Most “neutrality tests” assess whether particular data sets depart from the predictions of a standard neutral model without recombination. For Drosophila, where nuclear polymorphism data routinely show evidence of genetic exchange, the assumption of no recombination is often unrealistic. Furthermore, although conservative, this assumption is made at the cost of a large power loss.
Perhaps, as a result, tests of the frequency spectrum based on zero recombination suggest a good fit of the Drosophila polymorphism data to the predictions of the standard neutral model. Here, we analyze the frequency spectrum of a large number of loci in Drosophila melanogaster Recombinant and D. simulans using two summary statistics. We use an estimate of the population recombination rate based on a laboratory estimate of the rate of crossing by physical length and an estimate of the effective population size of the species.
In contrast to previous studies, we found that about half of the loci deviate from the predictions of the standard neutral model. The extent of the output depends on the exact recombination rate, but the overall pattern that emerges is robust.

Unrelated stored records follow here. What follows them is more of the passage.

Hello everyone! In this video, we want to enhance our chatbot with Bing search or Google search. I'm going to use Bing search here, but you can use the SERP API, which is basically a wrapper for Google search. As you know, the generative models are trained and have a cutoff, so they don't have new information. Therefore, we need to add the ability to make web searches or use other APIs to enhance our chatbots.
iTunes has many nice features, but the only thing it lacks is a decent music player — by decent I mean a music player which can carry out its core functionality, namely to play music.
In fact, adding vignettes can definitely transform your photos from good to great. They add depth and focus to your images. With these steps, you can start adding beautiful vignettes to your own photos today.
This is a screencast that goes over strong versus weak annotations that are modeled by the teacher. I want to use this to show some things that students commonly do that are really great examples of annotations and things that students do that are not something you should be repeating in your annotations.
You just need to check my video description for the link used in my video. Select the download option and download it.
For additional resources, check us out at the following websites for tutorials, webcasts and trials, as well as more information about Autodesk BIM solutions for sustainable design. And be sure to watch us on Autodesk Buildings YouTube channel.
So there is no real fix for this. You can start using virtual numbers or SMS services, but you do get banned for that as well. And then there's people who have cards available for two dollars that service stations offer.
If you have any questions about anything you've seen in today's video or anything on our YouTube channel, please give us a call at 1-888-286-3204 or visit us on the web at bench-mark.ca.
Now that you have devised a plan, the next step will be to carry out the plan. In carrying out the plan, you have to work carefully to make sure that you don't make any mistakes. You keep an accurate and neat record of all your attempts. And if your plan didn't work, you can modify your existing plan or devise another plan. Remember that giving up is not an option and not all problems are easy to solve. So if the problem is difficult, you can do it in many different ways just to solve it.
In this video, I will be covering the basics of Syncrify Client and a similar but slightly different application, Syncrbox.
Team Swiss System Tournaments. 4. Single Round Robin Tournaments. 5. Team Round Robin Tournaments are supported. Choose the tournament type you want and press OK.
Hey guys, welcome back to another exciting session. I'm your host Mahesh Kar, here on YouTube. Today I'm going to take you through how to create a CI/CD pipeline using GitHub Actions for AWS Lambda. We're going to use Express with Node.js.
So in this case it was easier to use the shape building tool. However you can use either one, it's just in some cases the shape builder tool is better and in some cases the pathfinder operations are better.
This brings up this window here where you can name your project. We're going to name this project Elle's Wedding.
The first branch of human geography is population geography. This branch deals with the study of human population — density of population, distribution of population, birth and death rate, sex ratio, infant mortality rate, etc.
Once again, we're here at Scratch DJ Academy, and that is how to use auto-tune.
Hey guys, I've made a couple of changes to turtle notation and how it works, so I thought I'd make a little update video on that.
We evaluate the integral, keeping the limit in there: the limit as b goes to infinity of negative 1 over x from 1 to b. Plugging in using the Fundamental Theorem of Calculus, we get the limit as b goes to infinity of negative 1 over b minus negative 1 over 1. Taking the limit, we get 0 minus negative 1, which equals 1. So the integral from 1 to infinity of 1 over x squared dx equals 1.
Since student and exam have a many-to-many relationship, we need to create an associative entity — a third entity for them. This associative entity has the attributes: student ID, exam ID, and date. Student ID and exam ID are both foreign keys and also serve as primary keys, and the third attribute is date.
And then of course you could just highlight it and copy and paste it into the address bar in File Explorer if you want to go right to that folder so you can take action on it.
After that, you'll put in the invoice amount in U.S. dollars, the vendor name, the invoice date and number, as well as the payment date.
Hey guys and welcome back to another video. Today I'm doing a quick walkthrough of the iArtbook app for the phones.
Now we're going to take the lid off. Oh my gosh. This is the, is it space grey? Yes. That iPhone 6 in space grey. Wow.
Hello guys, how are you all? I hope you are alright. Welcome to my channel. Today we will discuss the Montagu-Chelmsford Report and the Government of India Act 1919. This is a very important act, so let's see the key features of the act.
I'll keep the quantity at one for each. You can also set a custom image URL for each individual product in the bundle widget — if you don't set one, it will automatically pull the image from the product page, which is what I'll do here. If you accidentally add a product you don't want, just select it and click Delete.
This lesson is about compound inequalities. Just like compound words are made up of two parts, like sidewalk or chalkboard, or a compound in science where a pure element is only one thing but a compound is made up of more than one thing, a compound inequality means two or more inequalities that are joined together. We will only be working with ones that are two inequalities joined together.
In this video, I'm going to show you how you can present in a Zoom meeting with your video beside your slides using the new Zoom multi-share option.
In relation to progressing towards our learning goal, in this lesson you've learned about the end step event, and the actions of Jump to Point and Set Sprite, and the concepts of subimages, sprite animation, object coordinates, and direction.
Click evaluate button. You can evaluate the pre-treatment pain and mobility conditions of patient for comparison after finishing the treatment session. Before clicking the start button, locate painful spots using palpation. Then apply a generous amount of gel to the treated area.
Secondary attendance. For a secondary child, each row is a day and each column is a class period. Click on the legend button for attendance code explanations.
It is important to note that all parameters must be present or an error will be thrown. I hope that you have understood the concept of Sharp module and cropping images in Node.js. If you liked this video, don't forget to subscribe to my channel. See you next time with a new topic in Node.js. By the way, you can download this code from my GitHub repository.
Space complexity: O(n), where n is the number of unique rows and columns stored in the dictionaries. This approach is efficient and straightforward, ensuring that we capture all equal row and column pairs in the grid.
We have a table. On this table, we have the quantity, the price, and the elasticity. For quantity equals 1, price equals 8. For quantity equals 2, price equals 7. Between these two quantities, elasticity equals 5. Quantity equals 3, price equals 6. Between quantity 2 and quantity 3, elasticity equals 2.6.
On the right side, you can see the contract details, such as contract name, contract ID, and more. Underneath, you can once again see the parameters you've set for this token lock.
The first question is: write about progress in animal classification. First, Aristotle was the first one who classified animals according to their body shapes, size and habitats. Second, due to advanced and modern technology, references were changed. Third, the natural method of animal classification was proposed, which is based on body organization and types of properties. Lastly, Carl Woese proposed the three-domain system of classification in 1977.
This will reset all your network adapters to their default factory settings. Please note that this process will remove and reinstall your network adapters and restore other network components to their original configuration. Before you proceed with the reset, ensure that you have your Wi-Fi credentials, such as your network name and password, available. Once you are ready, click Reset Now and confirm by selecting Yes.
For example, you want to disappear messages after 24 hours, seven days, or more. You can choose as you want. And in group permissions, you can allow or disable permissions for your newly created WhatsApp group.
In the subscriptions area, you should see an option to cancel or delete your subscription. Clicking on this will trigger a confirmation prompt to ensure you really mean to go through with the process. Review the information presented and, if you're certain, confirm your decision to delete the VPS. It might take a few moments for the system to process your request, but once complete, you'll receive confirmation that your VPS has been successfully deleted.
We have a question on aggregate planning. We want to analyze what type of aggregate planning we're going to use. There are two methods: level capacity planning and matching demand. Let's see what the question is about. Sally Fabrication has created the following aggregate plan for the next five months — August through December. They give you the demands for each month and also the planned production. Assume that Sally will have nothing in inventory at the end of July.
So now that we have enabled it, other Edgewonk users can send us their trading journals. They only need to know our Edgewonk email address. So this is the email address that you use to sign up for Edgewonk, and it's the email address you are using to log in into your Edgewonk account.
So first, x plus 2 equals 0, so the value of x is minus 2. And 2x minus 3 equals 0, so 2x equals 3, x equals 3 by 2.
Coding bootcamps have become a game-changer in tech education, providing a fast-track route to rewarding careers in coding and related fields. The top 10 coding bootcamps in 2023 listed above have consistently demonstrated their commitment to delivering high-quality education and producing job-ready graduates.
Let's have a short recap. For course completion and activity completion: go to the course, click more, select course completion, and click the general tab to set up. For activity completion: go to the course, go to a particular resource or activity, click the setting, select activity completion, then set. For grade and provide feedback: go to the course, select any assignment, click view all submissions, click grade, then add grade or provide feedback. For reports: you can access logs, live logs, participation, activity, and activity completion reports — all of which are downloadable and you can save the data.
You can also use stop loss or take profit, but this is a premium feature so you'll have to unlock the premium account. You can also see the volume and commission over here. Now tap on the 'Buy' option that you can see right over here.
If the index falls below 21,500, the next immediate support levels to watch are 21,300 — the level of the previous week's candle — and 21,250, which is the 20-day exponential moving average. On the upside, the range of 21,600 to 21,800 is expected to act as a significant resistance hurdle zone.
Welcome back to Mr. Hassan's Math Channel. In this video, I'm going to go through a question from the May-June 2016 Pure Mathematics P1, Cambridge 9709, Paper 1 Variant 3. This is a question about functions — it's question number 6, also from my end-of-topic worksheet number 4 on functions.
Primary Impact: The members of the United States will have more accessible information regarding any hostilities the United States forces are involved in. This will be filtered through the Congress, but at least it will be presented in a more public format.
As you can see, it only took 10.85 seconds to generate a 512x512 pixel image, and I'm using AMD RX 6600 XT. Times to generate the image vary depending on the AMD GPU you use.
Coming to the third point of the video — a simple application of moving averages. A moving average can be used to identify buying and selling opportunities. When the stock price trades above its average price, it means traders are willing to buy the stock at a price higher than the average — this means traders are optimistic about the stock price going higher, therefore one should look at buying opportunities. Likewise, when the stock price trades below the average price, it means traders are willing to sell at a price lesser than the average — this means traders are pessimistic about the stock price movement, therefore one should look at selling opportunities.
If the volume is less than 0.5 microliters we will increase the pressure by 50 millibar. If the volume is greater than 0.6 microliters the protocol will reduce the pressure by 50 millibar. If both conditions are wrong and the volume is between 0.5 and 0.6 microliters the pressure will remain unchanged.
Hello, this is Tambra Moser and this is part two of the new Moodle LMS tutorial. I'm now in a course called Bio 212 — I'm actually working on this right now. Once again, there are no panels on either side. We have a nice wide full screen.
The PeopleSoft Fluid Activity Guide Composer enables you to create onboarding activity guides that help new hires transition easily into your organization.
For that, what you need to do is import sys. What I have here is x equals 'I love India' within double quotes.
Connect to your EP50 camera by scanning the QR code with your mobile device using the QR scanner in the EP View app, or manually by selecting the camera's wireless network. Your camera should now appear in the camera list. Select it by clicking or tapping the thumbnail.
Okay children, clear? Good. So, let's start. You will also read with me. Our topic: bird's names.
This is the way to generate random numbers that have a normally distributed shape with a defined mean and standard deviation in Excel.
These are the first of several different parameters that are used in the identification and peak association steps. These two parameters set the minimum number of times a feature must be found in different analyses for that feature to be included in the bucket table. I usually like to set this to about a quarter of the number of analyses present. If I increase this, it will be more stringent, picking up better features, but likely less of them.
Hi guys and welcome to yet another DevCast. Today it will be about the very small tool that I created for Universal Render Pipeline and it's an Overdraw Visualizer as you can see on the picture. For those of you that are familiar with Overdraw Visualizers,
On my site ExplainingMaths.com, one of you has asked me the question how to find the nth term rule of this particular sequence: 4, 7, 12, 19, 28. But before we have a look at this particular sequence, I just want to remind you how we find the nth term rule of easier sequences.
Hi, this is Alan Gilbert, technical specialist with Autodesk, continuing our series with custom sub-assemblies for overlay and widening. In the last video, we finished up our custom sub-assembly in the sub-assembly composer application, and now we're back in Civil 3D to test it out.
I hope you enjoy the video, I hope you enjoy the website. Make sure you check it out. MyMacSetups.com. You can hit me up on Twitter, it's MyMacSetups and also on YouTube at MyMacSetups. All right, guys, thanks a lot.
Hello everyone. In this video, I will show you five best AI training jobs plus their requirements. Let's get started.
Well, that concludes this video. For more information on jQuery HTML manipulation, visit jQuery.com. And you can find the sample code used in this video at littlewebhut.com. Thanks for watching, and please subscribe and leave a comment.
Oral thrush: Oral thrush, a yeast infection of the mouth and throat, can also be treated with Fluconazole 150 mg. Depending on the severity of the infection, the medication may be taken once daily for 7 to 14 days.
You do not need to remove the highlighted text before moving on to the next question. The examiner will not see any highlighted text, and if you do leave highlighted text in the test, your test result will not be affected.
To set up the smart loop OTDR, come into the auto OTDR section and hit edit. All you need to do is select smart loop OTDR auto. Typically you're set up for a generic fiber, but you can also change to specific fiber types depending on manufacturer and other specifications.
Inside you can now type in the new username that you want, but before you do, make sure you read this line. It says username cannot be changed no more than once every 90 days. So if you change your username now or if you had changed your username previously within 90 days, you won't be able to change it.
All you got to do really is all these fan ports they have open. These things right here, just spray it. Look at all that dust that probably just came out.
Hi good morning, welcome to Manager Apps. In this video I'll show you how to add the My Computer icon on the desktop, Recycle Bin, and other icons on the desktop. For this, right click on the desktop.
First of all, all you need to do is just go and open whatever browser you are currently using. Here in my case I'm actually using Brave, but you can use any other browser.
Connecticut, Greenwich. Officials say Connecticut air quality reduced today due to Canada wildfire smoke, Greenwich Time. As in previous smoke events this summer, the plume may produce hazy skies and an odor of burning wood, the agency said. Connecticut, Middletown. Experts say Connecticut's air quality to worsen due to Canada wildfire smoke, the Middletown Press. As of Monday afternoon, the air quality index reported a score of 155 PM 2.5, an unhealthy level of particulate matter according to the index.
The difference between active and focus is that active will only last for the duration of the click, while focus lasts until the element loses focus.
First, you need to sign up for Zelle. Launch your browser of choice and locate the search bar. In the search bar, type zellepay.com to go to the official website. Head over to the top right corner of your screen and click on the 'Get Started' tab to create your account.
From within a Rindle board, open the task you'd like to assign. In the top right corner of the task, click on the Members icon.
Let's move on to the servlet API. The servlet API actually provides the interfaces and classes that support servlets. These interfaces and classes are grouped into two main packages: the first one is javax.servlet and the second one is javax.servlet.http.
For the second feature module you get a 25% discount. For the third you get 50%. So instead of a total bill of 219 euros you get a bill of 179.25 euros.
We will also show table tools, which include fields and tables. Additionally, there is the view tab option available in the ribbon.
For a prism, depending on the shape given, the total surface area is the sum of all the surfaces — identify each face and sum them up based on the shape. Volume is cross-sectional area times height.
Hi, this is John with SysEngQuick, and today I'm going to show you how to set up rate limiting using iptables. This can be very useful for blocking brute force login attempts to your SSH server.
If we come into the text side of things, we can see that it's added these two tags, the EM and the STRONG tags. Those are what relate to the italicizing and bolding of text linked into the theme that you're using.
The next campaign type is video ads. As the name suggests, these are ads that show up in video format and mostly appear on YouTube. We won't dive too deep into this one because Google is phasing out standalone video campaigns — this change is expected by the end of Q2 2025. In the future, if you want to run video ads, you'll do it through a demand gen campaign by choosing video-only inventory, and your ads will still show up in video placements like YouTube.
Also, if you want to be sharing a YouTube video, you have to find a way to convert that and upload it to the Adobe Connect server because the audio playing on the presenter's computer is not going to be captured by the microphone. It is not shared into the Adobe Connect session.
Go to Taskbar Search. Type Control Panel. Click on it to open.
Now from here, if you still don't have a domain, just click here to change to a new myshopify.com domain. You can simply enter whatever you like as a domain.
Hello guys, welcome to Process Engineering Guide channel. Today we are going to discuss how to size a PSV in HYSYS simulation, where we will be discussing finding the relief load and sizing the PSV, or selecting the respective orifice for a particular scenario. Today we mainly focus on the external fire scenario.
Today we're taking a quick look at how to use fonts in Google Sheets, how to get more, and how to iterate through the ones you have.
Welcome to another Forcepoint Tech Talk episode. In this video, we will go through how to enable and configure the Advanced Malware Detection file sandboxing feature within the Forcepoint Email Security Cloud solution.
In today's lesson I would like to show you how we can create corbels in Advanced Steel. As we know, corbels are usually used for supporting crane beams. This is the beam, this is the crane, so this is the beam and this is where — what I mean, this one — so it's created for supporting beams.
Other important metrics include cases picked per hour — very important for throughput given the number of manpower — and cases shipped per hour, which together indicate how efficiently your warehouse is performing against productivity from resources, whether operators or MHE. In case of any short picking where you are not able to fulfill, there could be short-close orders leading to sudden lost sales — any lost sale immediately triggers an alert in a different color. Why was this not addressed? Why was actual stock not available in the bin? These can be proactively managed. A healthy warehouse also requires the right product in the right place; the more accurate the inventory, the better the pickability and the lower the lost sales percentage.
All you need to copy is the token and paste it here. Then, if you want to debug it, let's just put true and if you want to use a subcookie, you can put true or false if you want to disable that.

Interestingly, these deviations from neutral expectations are not one-way. The large variation in results may be due to a complex demographic history and inconsistent sampling, or to the pervasive action of natural selection.
We use two summary statistics. The first was D, which compares two estimates of the neutral mutation parameter, 𝛉 (Tajima 1989a). D is negative when there is an excess of rare mutations, as would be expected with recent population growth (Tajima 1989b) or after selective screening (Braverman et al. 1995). It is positive when there are too many intermediate frequency variants, as in the presence of a balanced polymorphism or under certain models of population subdivision (Tajima 1989b). Our second summary statistic, Gη, is based on the differences between the observed and expected number of mutations in each frequency class (Fu 1996).
The simulations assumed an equilibrium Wright-Fisher population, from which random samples were drawn. There was no selection, and each new mutation occurred at a previously unmutated site (Kimura 1969). In this implementation, we generate pedigrees and then place the observed number of mutations, S, in the tree (Hudson 1993). This approach departs from standard coalescent simulations that place mutations at a constant rate (of 𝛉/2) along each of the branches. We took this approach because we were able to observe the number of segregating sites while 𝛉 was unknown (cf. Hudson 1993).
Simulations have shown that the type I errors of various statistical tests under this ‘fixed S’ scheme is approximately equal to the nominal rejection probabilities (Kelly 1997; unpublished data). The parameters of the simulations were, for each locus, the sample size, the number of base pairs and the population recombination rate C = Camp (see below). Although our simulations are unorthodox, we refer to our set of assumptions as of the “standard neutral model” (SNM). To implement coalescence with recombination, we use a modification of a program kindly provided by R. Hudson (see Hudson 1983, 1990).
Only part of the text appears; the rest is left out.